When you do hit a period of burn out, work on something else related to the project. Don’t have the website design, work on that. Formulate plans for after the launch of the product. Organize the to-do list or write a blog post about what you’re working on or some of the lessons learned so far. These things help you get through the burn outs but allow you to maintain momentum and your work schedule.
This is probably the most important part of the whole process. Getting it out to the public. Letting real users hack away and break things. Hey, thinks are going to break, accept this truth early on and you will be less stressed about it. But releasing your product means you completed the process. You took an idea from inception all the way to release. Sure you probably hit some snags along the way. It probably took you a little longer than you initially thought (it always does). But, it’s released, it’s out there.

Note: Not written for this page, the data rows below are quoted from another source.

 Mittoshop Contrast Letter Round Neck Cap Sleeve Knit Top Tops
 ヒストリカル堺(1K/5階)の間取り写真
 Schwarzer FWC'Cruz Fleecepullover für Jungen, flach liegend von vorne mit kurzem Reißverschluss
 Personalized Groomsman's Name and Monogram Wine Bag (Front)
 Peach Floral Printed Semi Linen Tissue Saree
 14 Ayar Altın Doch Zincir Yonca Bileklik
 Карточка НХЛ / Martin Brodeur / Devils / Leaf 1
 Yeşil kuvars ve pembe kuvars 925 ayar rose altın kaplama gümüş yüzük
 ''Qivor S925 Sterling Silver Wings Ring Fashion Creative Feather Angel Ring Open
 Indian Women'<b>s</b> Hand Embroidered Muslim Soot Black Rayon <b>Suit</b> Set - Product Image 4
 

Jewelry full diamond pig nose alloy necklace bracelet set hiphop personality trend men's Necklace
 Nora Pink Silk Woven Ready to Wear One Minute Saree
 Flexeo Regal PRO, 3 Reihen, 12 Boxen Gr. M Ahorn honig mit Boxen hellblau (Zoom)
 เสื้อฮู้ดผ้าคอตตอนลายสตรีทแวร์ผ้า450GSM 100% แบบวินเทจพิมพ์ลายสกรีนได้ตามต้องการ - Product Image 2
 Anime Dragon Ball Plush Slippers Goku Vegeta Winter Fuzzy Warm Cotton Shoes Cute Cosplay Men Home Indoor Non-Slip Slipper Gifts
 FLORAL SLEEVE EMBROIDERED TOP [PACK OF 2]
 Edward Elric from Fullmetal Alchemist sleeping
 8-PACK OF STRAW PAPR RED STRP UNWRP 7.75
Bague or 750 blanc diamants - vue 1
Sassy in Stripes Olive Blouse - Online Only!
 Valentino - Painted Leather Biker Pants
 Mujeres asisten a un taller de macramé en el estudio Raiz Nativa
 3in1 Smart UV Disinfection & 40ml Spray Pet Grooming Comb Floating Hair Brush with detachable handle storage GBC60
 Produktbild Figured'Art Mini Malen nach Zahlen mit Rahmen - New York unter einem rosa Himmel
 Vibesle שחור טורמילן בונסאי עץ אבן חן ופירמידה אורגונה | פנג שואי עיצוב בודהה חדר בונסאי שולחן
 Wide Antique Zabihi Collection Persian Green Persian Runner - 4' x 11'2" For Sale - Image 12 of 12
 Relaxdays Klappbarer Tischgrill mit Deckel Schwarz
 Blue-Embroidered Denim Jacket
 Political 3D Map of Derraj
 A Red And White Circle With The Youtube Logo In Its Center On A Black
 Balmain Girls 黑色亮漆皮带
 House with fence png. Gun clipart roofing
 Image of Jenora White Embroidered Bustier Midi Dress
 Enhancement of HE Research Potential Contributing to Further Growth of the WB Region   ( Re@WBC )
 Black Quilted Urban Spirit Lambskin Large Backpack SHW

Unfortunately, just releasing the product isn’t enough. You’ll need to make enhancements. Those ideas I said you need to put to the side because they’re not essential, start cherry picking those and working on them. You’ll have bugs to fix. There will be customers to support, they’re going to request things. Getting here though is the just the start of the journey. If you can get to this point, you’ve made it farther than most.